Diskussion um die Temperaturgrenze
Die vorhersehbar hohen Wassertemperaturen bei den WM-Rennen waren in der Vorbereitung ein großes Thema gewesen. So bereiteten sich die deutschen Schwimmer unter anderem in warmen Pools und Gegenstromkanälen sowie in Hitzekammern auf dem Rad auf die Herausforderung vor.
Man könne den Körper zwar durch Training auf Hitze vorbereiten, sagte Berkhahn jetzt in Singapur. Gerade weniger erfahrene Nationen könnten aber größere Probleme bekommen. „Dann wird es gefährlich. Da muss sich der Weltverband schon überlegen, ob die 31 Grad so stehen bleiben können.“ Hinzu kommt: Wegen der hohen Außen- und Wassertemperaturen waren die Freiwasserrennen in Singapur eigentlich für die frühen Morgenstunden geplant gewesen. Da es wegen mangelhafter Wasserqualität aber zu Verschiebungen kam, wurden die Rennen neu angesetzt: für 13 und 16.15 Uhr Ortszeit.
Der Fall Fran Crippen
Die Temperatur-Obergrenze gibt es seit einem tragischen Todesfall am 23. Oktober 2010 beim Weltcup im arabischen Emirat Fudschaira. Der Amerikaner Fran Crippen, WM-Dritter von 2009, ging dort wenige 100 Meter vor dem Ziel unter. Zwei Stunden nach dem Ende des Rennens wurde er von Tauchern gefunden. Er starb im Alter von 26 Jahren.
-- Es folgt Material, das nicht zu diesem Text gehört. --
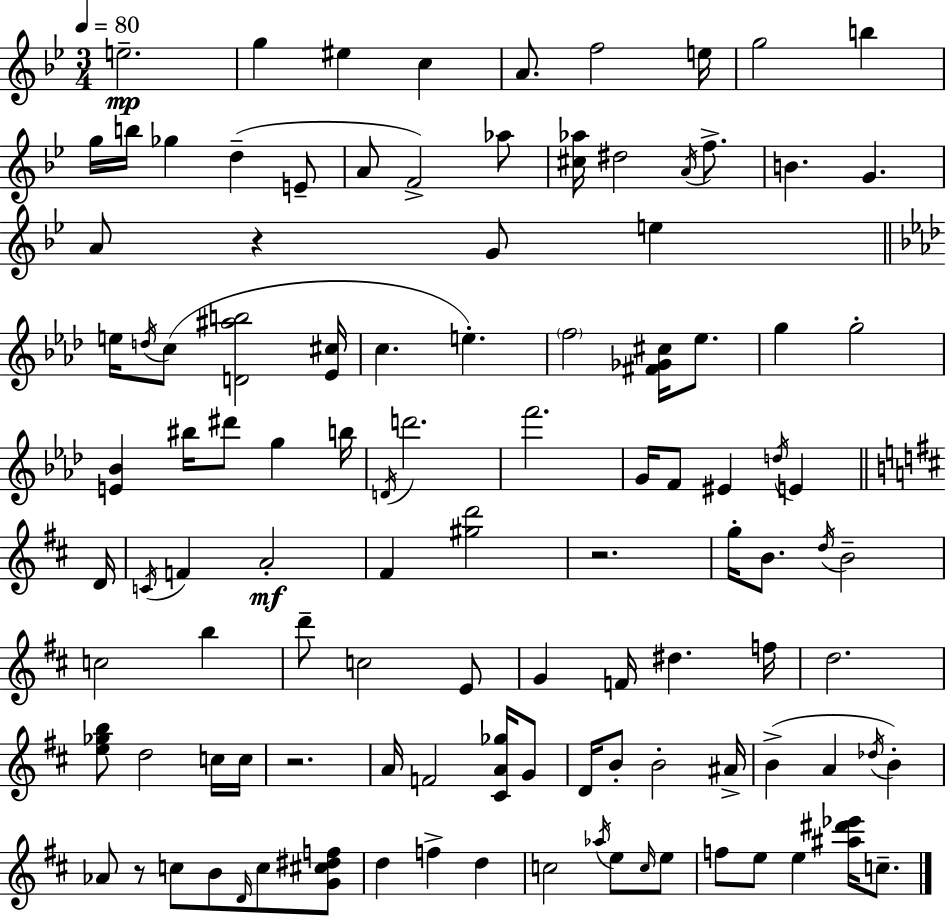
{
  \clef treble
  \numericTimeSignature
  \time 3/4
  \key bes \major
  \tempo 4 = 80
  e''2.--\mp | g''4 eis''4 c''4 | a'8. f''2 e''16 | g''2 b''4 | \break g''16 b''16 ges''4 d''4--( e'8-- | a'8 f'2->) aes''8 | <cis'' aes''>16 dis''2 \acciaccatura { a'16 } f''8.-> | b'4. g'4. | \break a'8 r4 g'8 e''4 | \bar "||" \break \key aes \major e''16 \acciaccatura { d''16 }( c''8 <d' ais'' b''>2 | <ees' cis''>16 c''4. e''4.-.) | \parenthesize f''2 <fis' ges' cis''>16 ees''8. | g''4 g''2-. | \break <e' bes'>4 bis''16 dis'''8 g''4 | b''16 \acciaccatura { d'16 } d'''2. | f'''2. | g'16 f'8 eis'4 \acciaccatura { d''16 } e'4 | \break \bar "||" \break \key d \major d'16 \acciaccatura { c'16 } f'4 a'2-.\mf | fis'4 <gis'' d'''>2 | r2. | g''16-. b'8. \acciaccatura { d''16 } b'2-- | \break c''2 b''4 | d'''8-- c''2 | e'8 g'4 f'16 dis''4. | f''16 d''2. | \break <e'' ges'' b''>8 d''2 | c''16 c''16 r2. | a'16 f'2 | <cis' a' ges''>16 g'8 d'16 b'8-. b'2-. | \break ais'16-> b'4->( a'4 \acciaccatura { des''16 } | b'4-.) aes'8 r8 c''8 b'8 | \grace { d'16 } c''8 <g' cis'' dis'' f''>8 d''4 f''4-> | d''4 c''2 | \break \acciaccatura { aes''16 } e''8 \grace { c''16 } e''8 f''8 e''8 e''4 | <ais'' dis''' ees'''>16 c''8.-- \bar "|."
}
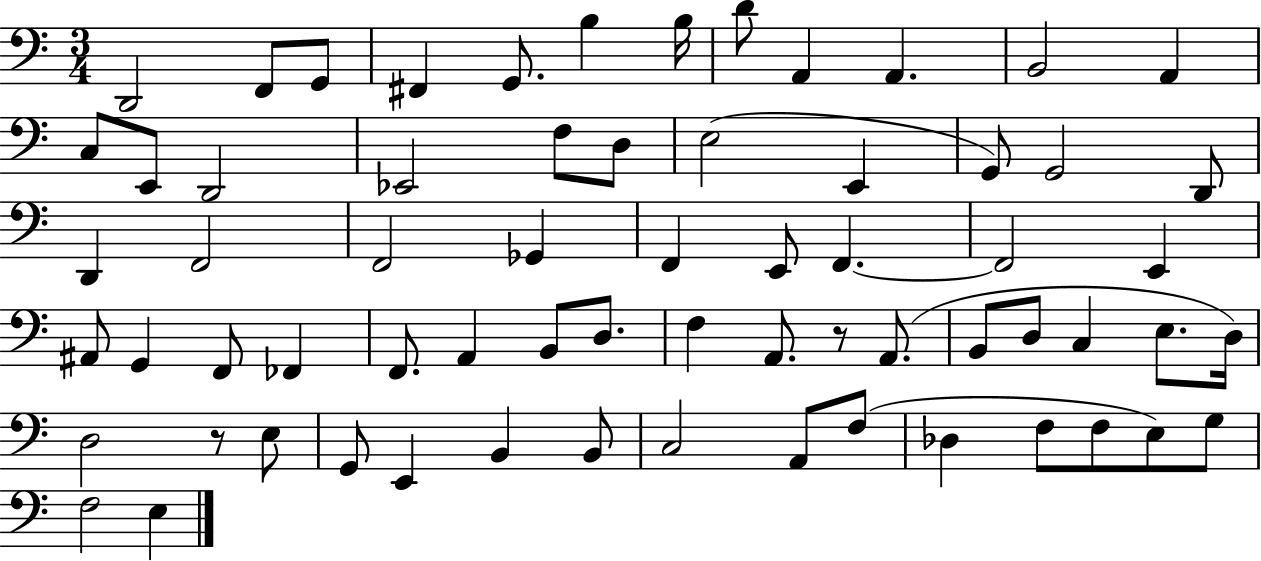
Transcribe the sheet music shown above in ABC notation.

X:1
T:Untitled
M:3/4
L:1/4
K:C
D,,2 F,,/2 G,,/2 ^F,, G,,/2 B, B,/4 D/2 A,, A,, B,,2 A,, C,/2 E,,/2 D,,2 _E,,2 F,/2 D,/2 E,2 E,, G,,/2 G,,2 D,,/2 D,, F,,2 F,,2 _G,, F,, E,,/2 F,, F,,2 E,, ^A,,/2 G,, F,,/2 _F,, F,,/2 A,, B,,/2 D,/2 F, A,,/2 z/2 A,,/2 B,,/2 D,/2 C, E,/2 D,/4 D,2 z/2 E,/2 G,,/2 E,, B,, B,,/2 C,2 A,,/2 F,/2 _D, F,/2 F,/2 E,/2 G,/2 F,2 E,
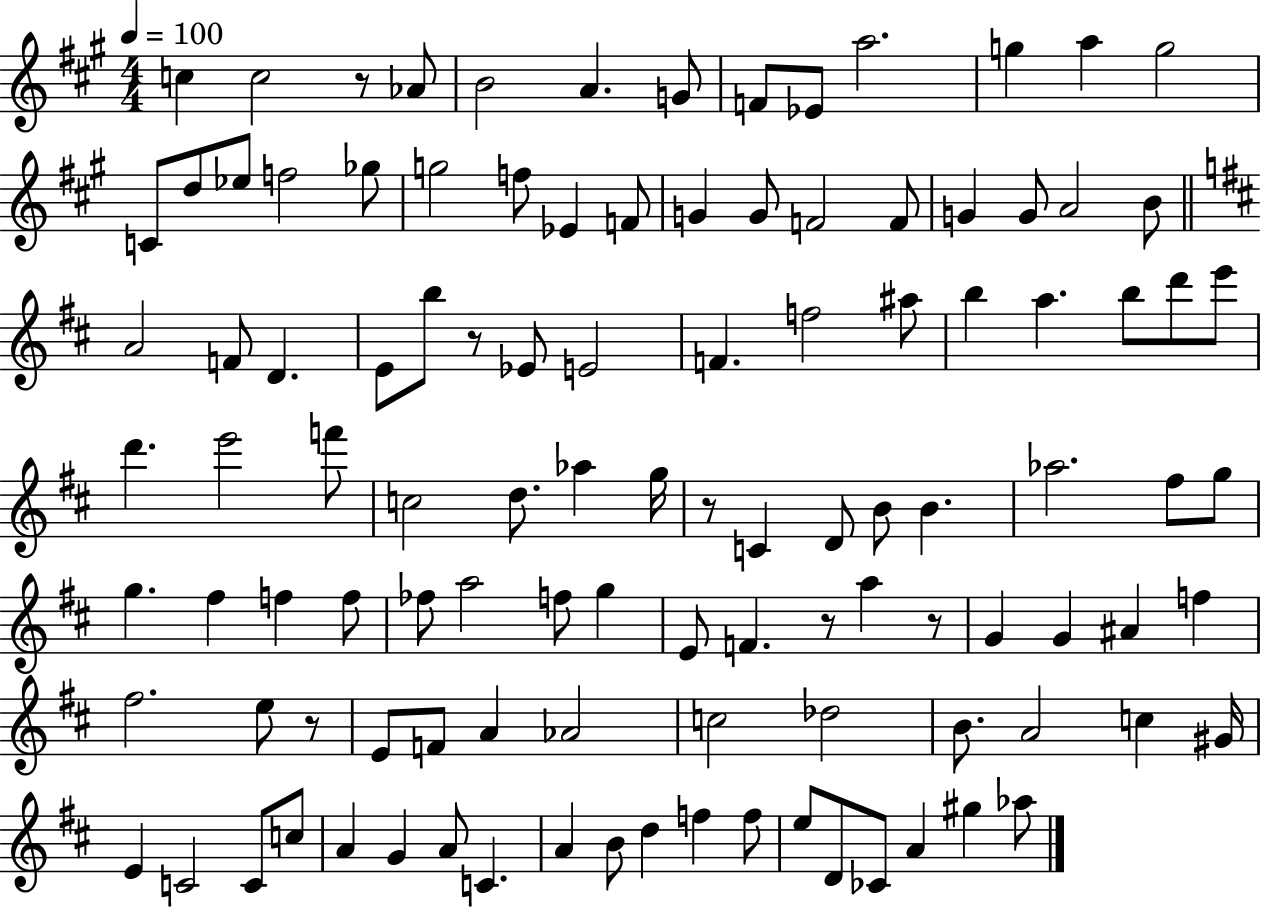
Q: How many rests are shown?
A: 6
Faktoren wie eine hohe Luft- und Wassertemperatur in Kombination mit möglicher Dehydrierung sowie Überhitzung bei hoher Anstrengung könnten, so hieß es im Bericht der Untersuchungskommission, zur Erschöpfung und dann Bewusstlosigkeit des Schwimmers geführt haben, die zum Tod durch Ertrinken führte. Hinzu kamen ungenügende Überwachung und mangelnde Sicherheitsmaßnahmen.
Der Persische Golf soll zum Zeitpunkt des Rennens offiziell 29 Grad warm gewesen sein, doch die Experten schätzten die Temperatur deutlich höher ein. „Auf der Strecke waren es zwei bis drei Grad mehr. Der Start war in der Mittagshitze, in der Sonne war es über 40 Grad“, so Freiwasser-Rekordweltmeister Thomas Lurz damals.
Die Experten forderten unter anderem Wassertemperaturgrenzen von 18 und 28 Grad. Zwar wurde eine Höchstgrenze festgelegt – bis dahin gab es nur die Mindesttemperatur von 16 Grad –, allerdings jene bis heute gültigen 31 Grad. Auch Lurz hielt das für zu warm.